Friday, 27 July 2012

Traditional Sunday lunch - with a twist

If you're a frugal foodie feeling like a change, why not go for a traditional Sunday lunch Cantonese-style? Dim sum is a tapas-esque selection of small dishes either chosen from a selection wheeled round on trolleys or ordered from a menu, and is available in most Chinatown restaurants daily until late afternoon. My personal favourite is Lido - just look for the blue awning near the end of Gerrard Street.

Ask for the dim sum menu and don't panic about the Chinese-only tick sheet - the separate menu has corresponding numbers with both pictures and English descriptions. Simply find the number of the dish you like on the tick sheet and write how many you want (usually one) in the brackets. (Don't include the menu in your Facebook check-in pic and everyone will wonder how you managed it!)

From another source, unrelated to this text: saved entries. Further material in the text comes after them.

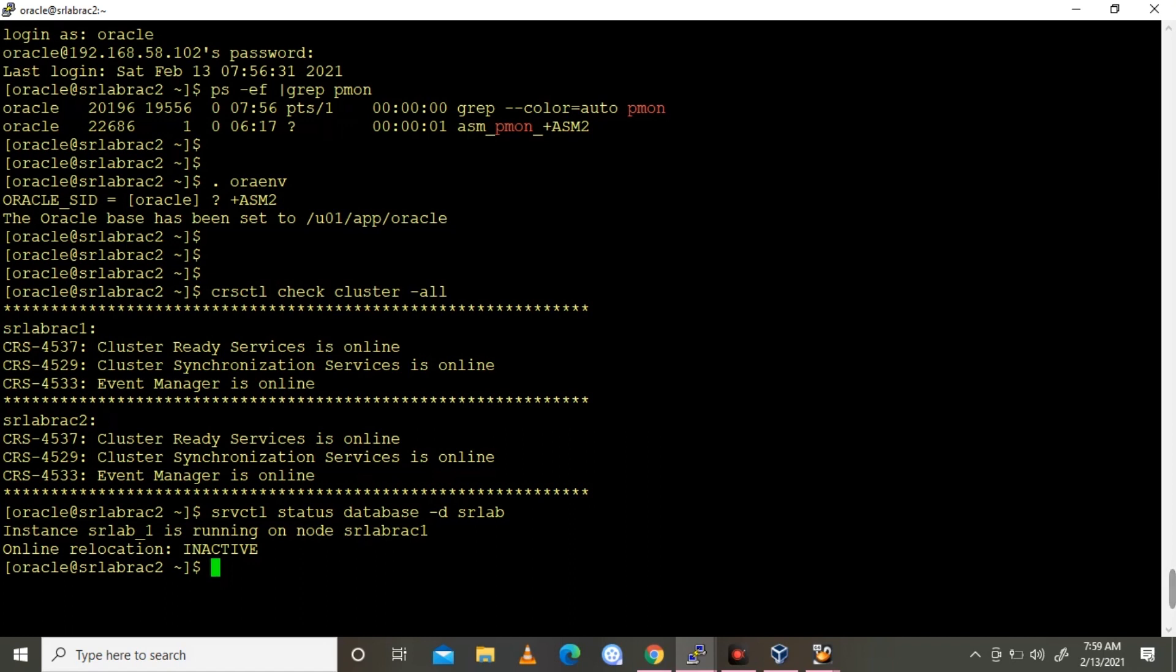If you're facing any database performance issue, what we typically do is connect and run the AWR report, like previous day AWR and present day AWR. We'll run a compare AWR report, ADDM report, and ASH report. We'll check and analyze what is the cause of this database performance issue. We collect all those things manually, but now in a single command we can collect all the details.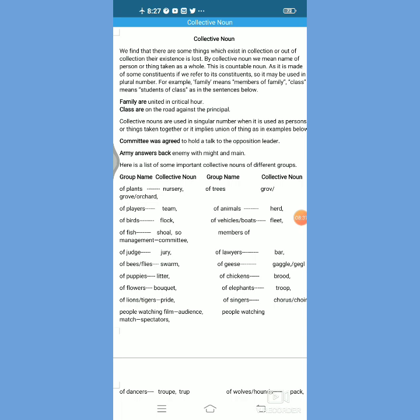For example, 'family' is a collective noun but it can be used in both numbers — family can be used in singular number as well as plural number. We do hardly change 'family' into 'families,' because it depends on the sense in which we are going to use that collective noun. In competitive examinations, sometimes a common error question is given so as to ascertain the number of collective noun.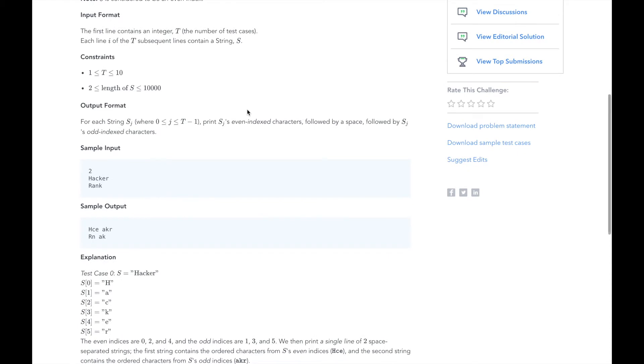The first line of our input will be an integer t that represents the number of subsequent test cases. Each line after will be a test string that we need to split. The example we see here is sample input of two on the first line, HackerRank on the second line, and Rank on the third line.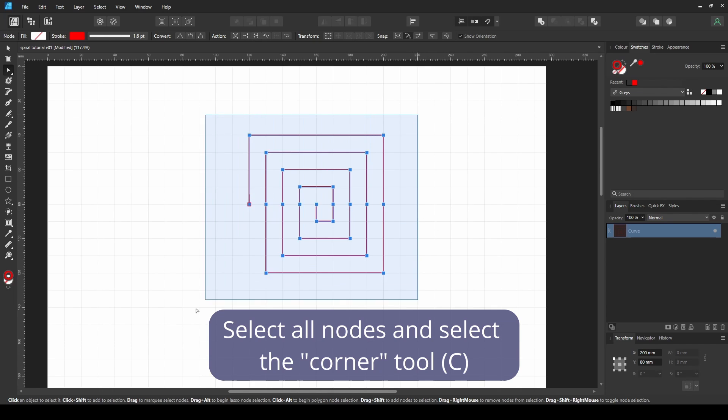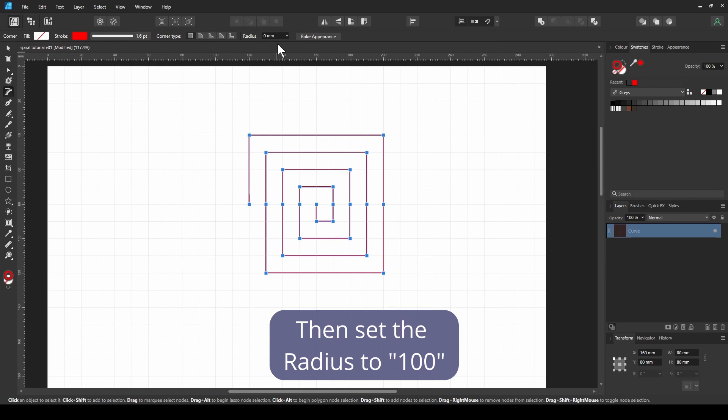Select all nodes and select the corner tool. Then set the radius to 100.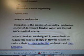So I'm going to put those two together because we need water for the communication signal. So in water engineering, dissipation is the process of converting mechanical energy of a downward flowing water into thermal and acoustical energy. Various devices are designed in streambeds to reduce the kinetic energy of flowing waters to reduce their erosive potential on banks and river bottoms.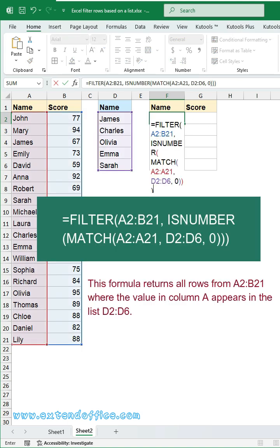This formula returns all rows from A2:B21 where the value in column A appears in the list D2:D6.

 We tend to order seven dishes between two people, but I may well be greedier than you: for dim sum virgins, may I suggest a selection from the following:

Har gau* - called 'dumplings' but actually prawns steamed in a light translucent wrapper a bit like very thin pasta. Served in a steamer, these will be HOT so be careful - but then don't leave them too long, they are best eaten as fresh as possible. I like mine dipped in a dash of chilli oil, but soy sauce or just as they are is fine.

Siu mai - again, steamed 'dumplings' this time wonton wrappers filled with minced pork and prawns, open at the top.

Cha siu bao - steamed savoury buns filled with Chinese barbecued pork. Light, fluffy and delicious, but very filling!

Cheong fun - flat rice noodle wrapped around a filling of your choice, a little like slithery cannelloni. I'm a seafood girl, so I normally go for the prawn ones, but that's me.

Spring rolls - prawn and yam, or Vietnamese for a change.

Steamed glutinous rice in lotus leaves - this looks very exotic! A little package of sticky rice filled with mixed meats and Chinese sausage, all parcelled up in lotus leaves and steamed. Simply unwrap and enjoy (and don't eat the leaves!).

Turnip paste - yes I know it sounds very Baldrick, but it's actually made with daikon, a Chinese radish/turnip, and finely-chopped meat, cut into slabs and fried - kind of like a very mildly-flavoured Cantonese bubble and squeak, with a comforting texture. Do consider it - I am addicted to it dunked in fiery chilli sauce, I know not why.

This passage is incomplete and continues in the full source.